LOS ANGELES (REUTERS) - What impact does an Oscar nomination have on a film's prospects at the box office? Look no further than The Grand Budapest Hotel, a movie released 10 months ago that generated a flurry of phone calls from theatre owners to studio Fox Searchlight on Thursday morning.
Wes Anderson's quirky comedy scored nine Academy Award nods on Thursday, including best picture, raising new interest in a film that for months has been available on DVD and digital formats. The arthouse studio was arranging for overnight shipping to 15 to 30 theatres that requested the film, said Mr Frank Rodriguez, senior vice president and general sales manager for Fox Searchlight, a unit of 21st Century Fox.
"I'm at a loss for words for how happy we are for Budapest," Mr Rodriguez said.
"I don't think Budapest would have gotten any new (theatre) bookings" without the Oscar recognition."
The film has pulled in US$59 million (S$78 million) at US and Canadian theatres so far, according to tracking firm Rentrak. Theatre owners were also clamouring to schedule surreal satire Birdman, another offbeat Fox Searchlight release that scored nine Oscar nominations.
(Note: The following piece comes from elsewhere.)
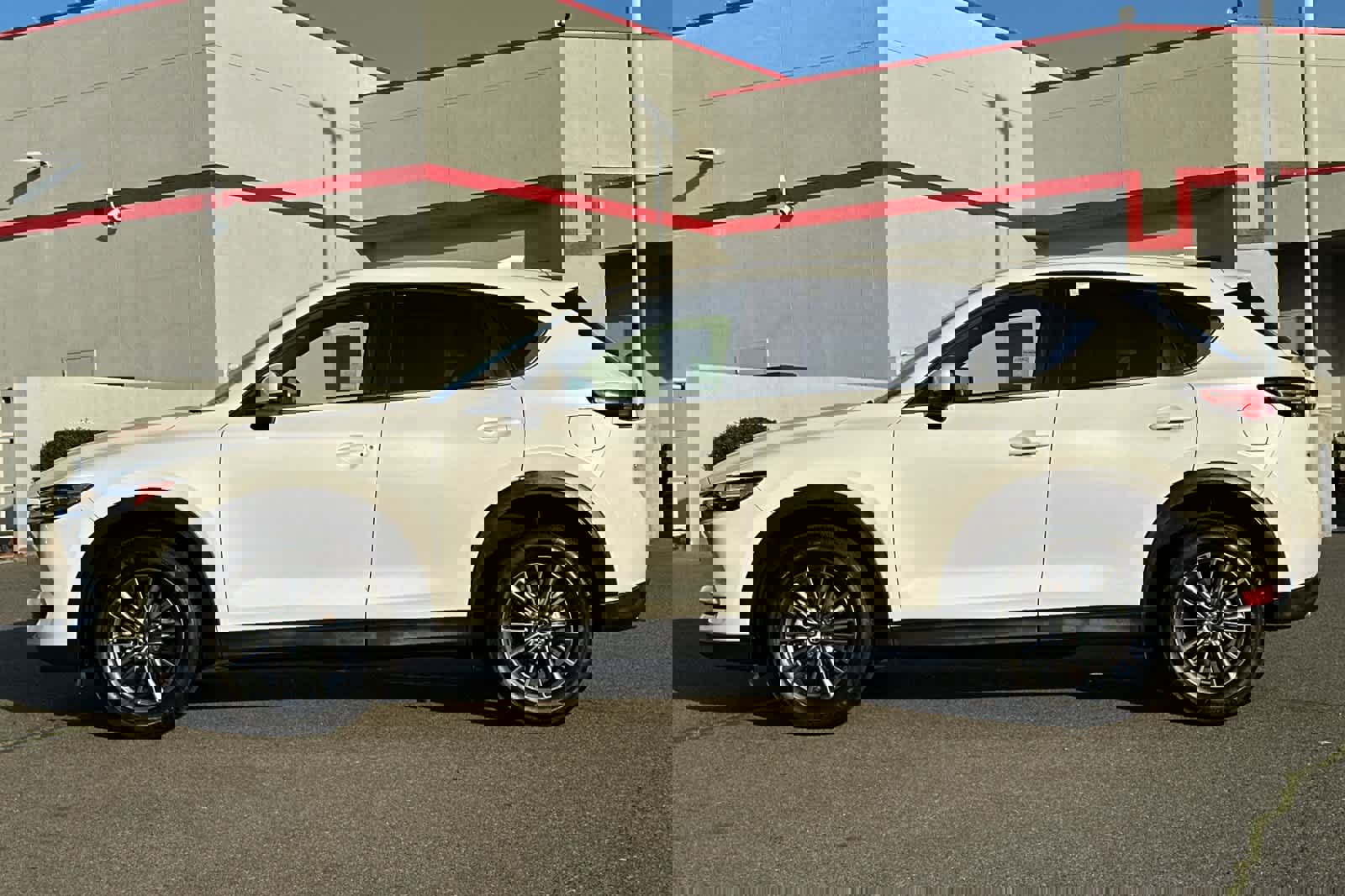 Used 2021 MAZDA CX-5 Touring image 9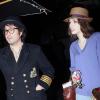 Sean Lennon et Charlotte Kemp Muhl, dans les rues de Los Angeles, le 28 janvier 2010 !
The film will double its reach this weekend to about 450 theatres, Rodriguez said, and may play in more than 1,000 the following weekend. Fox Searchlight led all Hollywood studios with 20 total Oscar nominations for Birdman, Grand Budapest Hotel and Wild.
Small studio IFC Films had a breakthrough with its first best picture nod for Boyhood, director Richard Linklater's coming-of-age tale filmed over 12 years with the same actors. The studio, a unit of AMC Networks Inc, was founded in 1999 principally to distribute independent movies and documentaries financed by others, such as 2002's My Big Fat Greek Wedding.
Boyhood scored six Oscar nominations, and studio president Jonathan Sehring called 2014 "a landmark year for IFC Films". The film, already available on DVD and on-demand platforms, will play at more than 100 theatres on Friday and expand in coming weeks, Sehring said.
"We feel that there is still a large number of people who haven't yet seen Boyhood and would like to catch it on the big screen," he said.
Oscar voters also delivered good news to Sony Pictures as it recovers from a damaging cyberattack. Its arthouse division, Sony Pictures Classics, collected 18 nominations, the most in its history, for movies including best picture nominees Foxcatcher and Whiplash.
The Weinstein Company, lauded for running successful Oscar campaigns, is again in the running with eight nominations for World War II biopic The Imitation Game.
None of the best picture contenders has yet reached blockbuster status in the United States and Canada. American Sniper, from Time Warner's Warner Bros, appears poised to enjoy an Oscar boost as it expands nationwide and could eventually haul in US$100 million domestically, said Paul Dergarabedian, Rentrak senior media analyst.
"For those films still in theatres, this opens up a whole new world to them," he said.